2X2 + 5X – 3 = 0
Gosh! That’s an algebraic equation. I dislike math; I dislike numbers and I’m not good at solving arrhythmic equations, especially when the teacher is not that willing to assist a visually impaired student like me.
What the teachers usually do was to point on the board and say, “Transpose this number to here and put it right there.”
How would a blind ever understand an Algebra lesson in that method of teaching?
But wait, I will not talk about how bad I was in math or how the other teachers executed mathematical lessons then. Let me share a story about a particular teacher who made a great impact in my life, whom I met in my second year high school, in June of 2006.
Introducing Ms. Jean, a teacher who is described to be a petite lady with a fair skin and a kind face. She has a gentle but modulated voice that sounded so friendly to me.
Do you have an idea what subject she taught? I guess you already got it. Yes, it was math, the subject I hated the most.
Though math is not the type of subject that I really enjoyed that time, I still found it interesting because of the way of Ms. Jean’s execution of the lessons. She’s not the this and that type of teacher. She was so descriptive and specific when explaining equations to the class. In that way, I was never out of place and it seemed like I’m not a visually impaired at all.

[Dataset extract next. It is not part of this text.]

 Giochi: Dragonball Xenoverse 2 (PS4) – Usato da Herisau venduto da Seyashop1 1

I can still vividly remember how we went on with our daily class routine. We started with a prayer then Ms. Jean would share a positive quote or a verse from the bible and let us reflect on it for a while.
She has been an encouraging teacher to everybody. She has always wanted her students to participate in all class activities and get high grades. She was not stock to the traditional math class type where in the teacher would just explain the lesson, give exercises and then dismiss the class.

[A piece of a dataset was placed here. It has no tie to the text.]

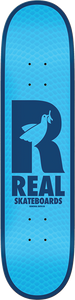Real Doves Redux Skateboard Deck -7.75 DECK ONLY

Ms. Jean let the students to excel in their own strengths. She let us compose a math jingle, play games and collect ribbons. The ribbons would be given to us everytime we participate in the class discussion, get high scores and win from a group game. Those ribbons were collected and later on, would be compiled on a portfolio to be submitted every after grading period along with the quiz papers, answer sheets with scores, assignments and the written quotes and verses shared by Ms. Jean.
She’s eager to conduct review and remedial class whenever she found out that we could not understand a certain topic. She really wanted every student to pass and even outstand in her subject without pressure.
She made sure that no-one, including me, was not left behind to her subject. When she was not busy with her paper works, she would sit next to me and assist me in doing the exercises. There were also times that she used her finger to draw the mathematical equation on the palm of my hand just to demonstrate how the numbers were transposed, substituted and solved.
If it happened that she was not available, she would assign one of my classmates to sit beside me and help me cope with the lessons. To be fair with everyone, Ms. Jean arranged the student assignment as my tutor alphabetically, just in case she wouldn’t be around to teach me.
Everyday, my classmates took turns in tutoring me. Some cooperated willingly, some did not, some were doubtful, and some were just doing it because it’s needed.
Ms. Jean taught us a lot of great things. She did not only teach us how to find the value of X, solve mathematical problems and answer algebraic equations, but she had also shown us that nothing is impossible if you would just trust God and believe in your abilities.
In 10 months of being Ms. Jean’s student, I have learned to multiply perseverance, divide love, add enthusiasm, subtract worries and find the value of life.